This is exactly the expected result for a time delay: A delay in time is a linear phase in frequency; so you shifted the amount that would cause 180 degree phase shifts between your frequencies (Note that at your first frequency sample location you have a positive real and positive imaginary, which rotates to positive real and negative imaginary which is a -90° rotation, then follow the same process for your second frequency and you will see it is a +90° rotation; the phase change between the frequencies given is 180°). It is repeating at 180° due to the modulo property of phase, but you are really seeing the evidence of a linear increase in phase that is rotating past 180 degrees at each of your frequency samples where energy exists.

Consider a signal at given frequency going through a fixed length of cable; it will be delayed a certain amount in time, and given the frequency that time will relate to a certain phase shift between the signal at the input and output of that cable. Now consider a frequency that is doubled, the time delay is the same but there will be twice the phase shift between the signal at the input and output in this case. This is the result of the Fourier Transform of a delay, the magnitude is one but the phase in linearly increasing at a negative rate.

cable delay

So in your case we are seeing the resulting rotation of 180 degrees for the same distance between your frequencies tones (evidence of a linearly increasing phase).

If you plotted each frequency as a complex vector on an I-Q (real vs imaginary) diagram, as you change the delay of your signal in time, you will see the vector rotate accordingly with no change in magnitude. The higher frequencies will rotate proportionally faster.

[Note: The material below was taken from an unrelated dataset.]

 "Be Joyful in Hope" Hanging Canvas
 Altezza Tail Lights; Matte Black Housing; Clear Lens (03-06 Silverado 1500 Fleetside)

Here is another view in case that was not clear describing the same effect and very specific to your case. The top plot shows sine-waves in time for a first and third harmonic, and the delay at a fixed time offset such that the first harmonic has shifted -90° and the third harmonic as expected has shifted three times as much or -270°.

delayed sine waves

These last plots demonstrate your case exactly and shows the same thing on a complex plane which is consistent with your complex frequency outputs that have real and imaginary components. Note that I use the common notation I and Q for real and imaginary where "I" is "In Phase" and "Q" is "Quadrature Phase".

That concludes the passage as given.